- The minutes from the Federal Open Market Committee’s (FOMC) June meeting highlighted the downside risks to the economic outlook and members’ feeling that they “had increased significantly over recent weeks.”
- The factors cited as raising uncertainty include: weakening business confidence, business spending, manufacturing activity, trade, and global growth. Among these, trade tensions loom the largest as the underlying cause of the deterioration in confidence and rise in uncertainty.
- Participants also discussed the labor market and soft inflation.

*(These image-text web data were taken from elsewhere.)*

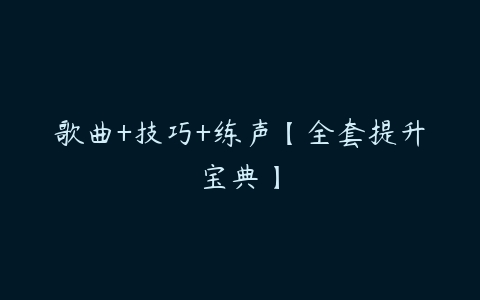 歌曲+技巧+练声【全套提升宝典】-51自学联盟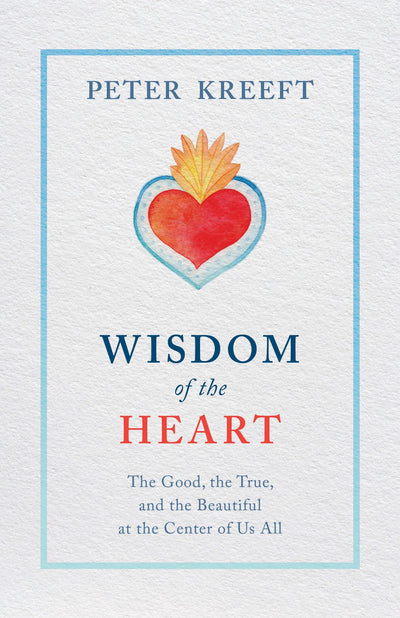 Wisdom of the Heart: The Good, the True, and the Beautiful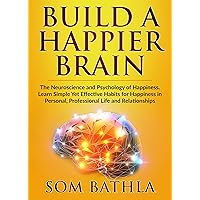 Build A Happier Brain: The Neuroscience and Psychology of Happiness. Learn Simple Yet Effective Habits for Happiness in Personal, Professional Life and Relationships (Power-Up Your Brain Book 3)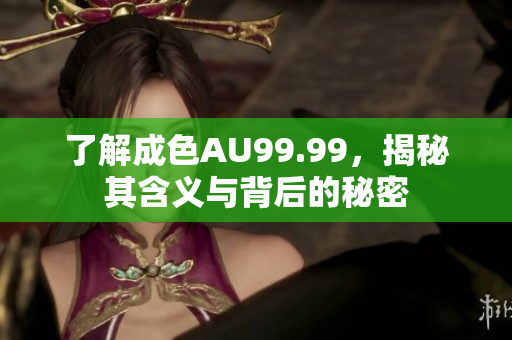 了解成色AU99.99，揭秘其含义与背后的秘密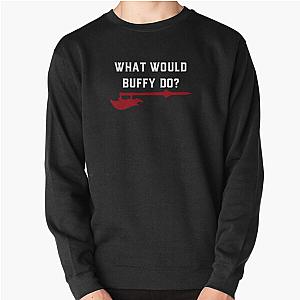 Buffy the Vampire Slayer - What Would Buffy Do? - BTVS Pullover Sweatshirt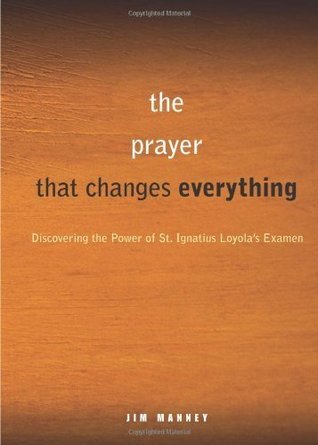 A Simple, Life-Changing Prayer: Discovering the Power of St. Ignatius Loyola's Examen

Notably, citing low wage inflation, “several participants…revised down their SEP estimate of the longer-run normal rate of unemployment.”
- The decision to keep rates on hold at the June meeting (and not cut immediately) was influenced by the relatively recent deterioration in indicators. This requirement for more evidence appears to have been met, at least according to Chair Powell’s testimony this morning that noted crosscurrents to the outlook continuing following the Fed’s June meeting.
Key Implications
- While maintaining its economic outlook, the minutes show FOMC members moving toward a “risk management” framework, and increasingly in favor of cutting rates in order to “cushion the effects of possible adverse shocks to the economy.”

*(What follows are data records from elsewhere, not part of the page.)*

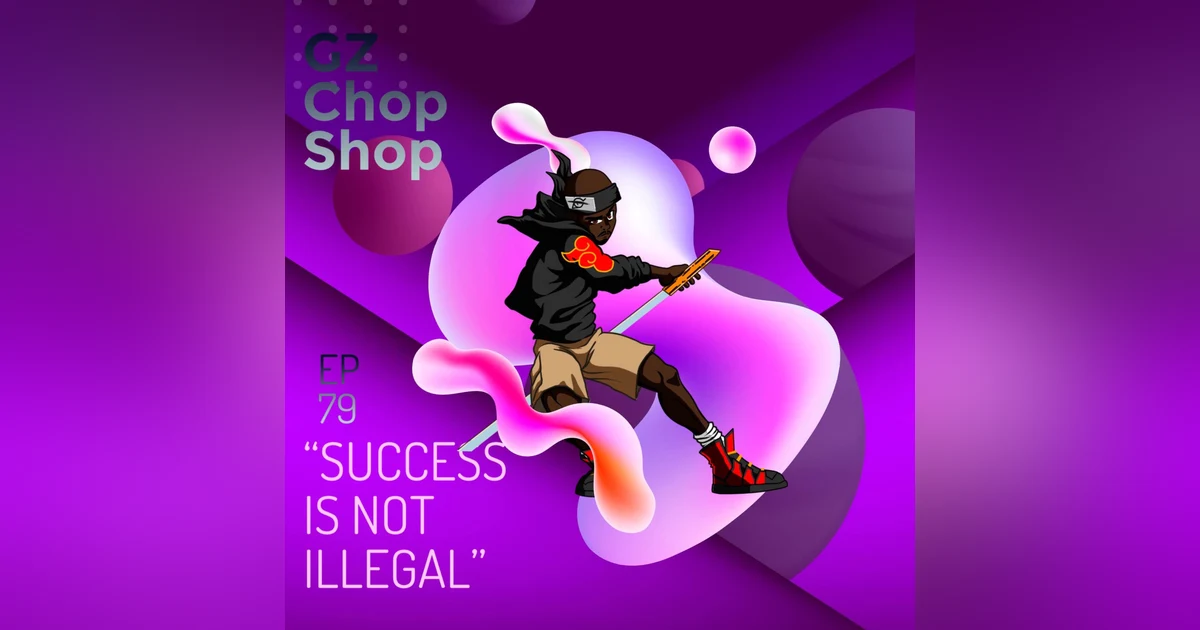 "Success is not illegal"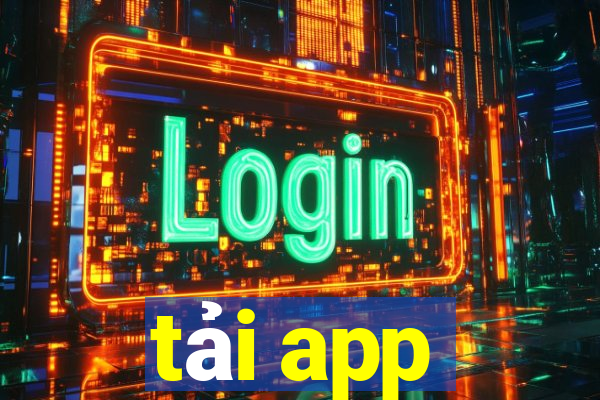 tải app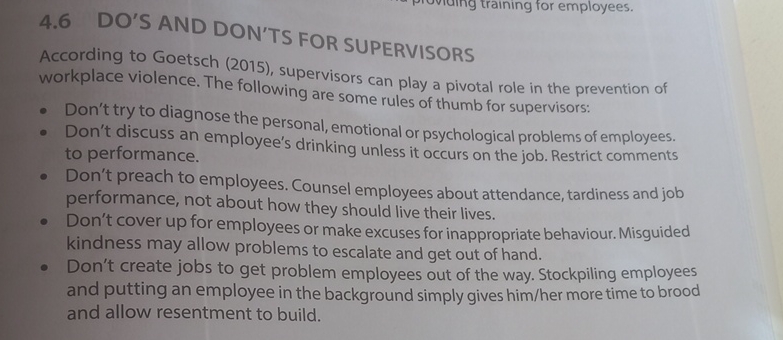  4.6 DO'S AND DON'TS FOR SUPERVISORS According to Goetsch (2015), supervisors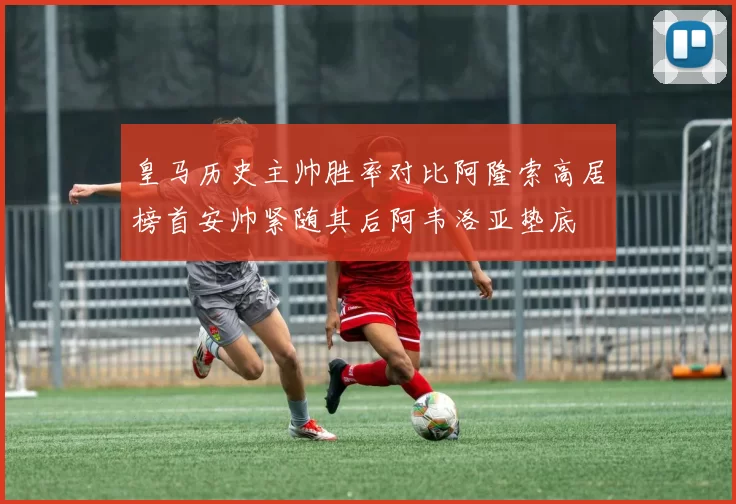 皇马历史主帅胜率对比阿隆索高居榜首安帅紧随其后阿韦洛亚垫底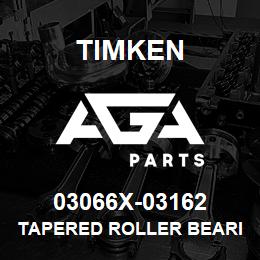 03066X-03162 Timken TAPERED ROLLER BEARINGS - TS (TAPERED SINGLE) IMPERIAL | AGA Parts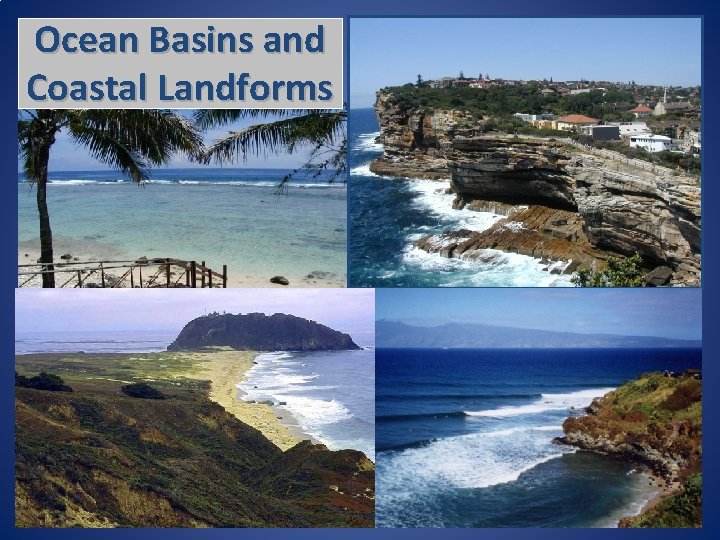 Ocean Basins and Coastal Landforms 
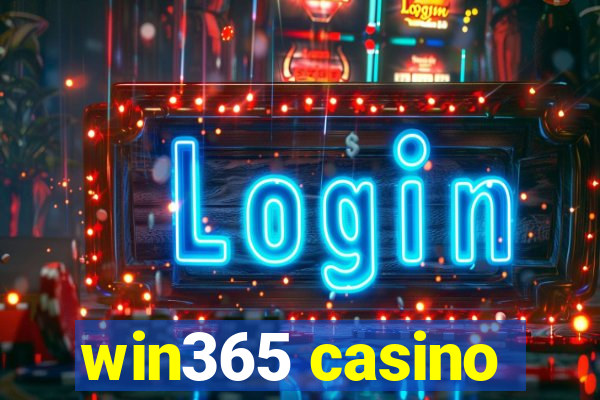 win365 casino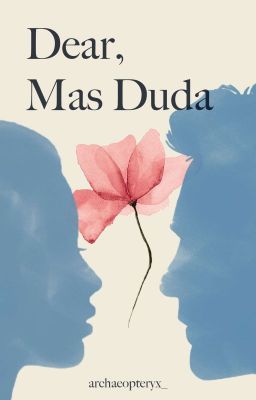 Dear, Mas Duda 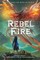 Rebel Fire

- In addition to heightened uncertainty on the global front, the soft inflation environment and few signs that wage growth has broken out of its recent holding pattern provides support for a turn to more accommodative policy. This is particularly true as inflation expectations also appear to have moved lower.
- The evolution of economic data and key event risks will determine the future course of monetary policy. While there is good reason to expect the data to hold up, it is much harder to guess on the outcome of events, which as these minutes note, are clearly two-sided.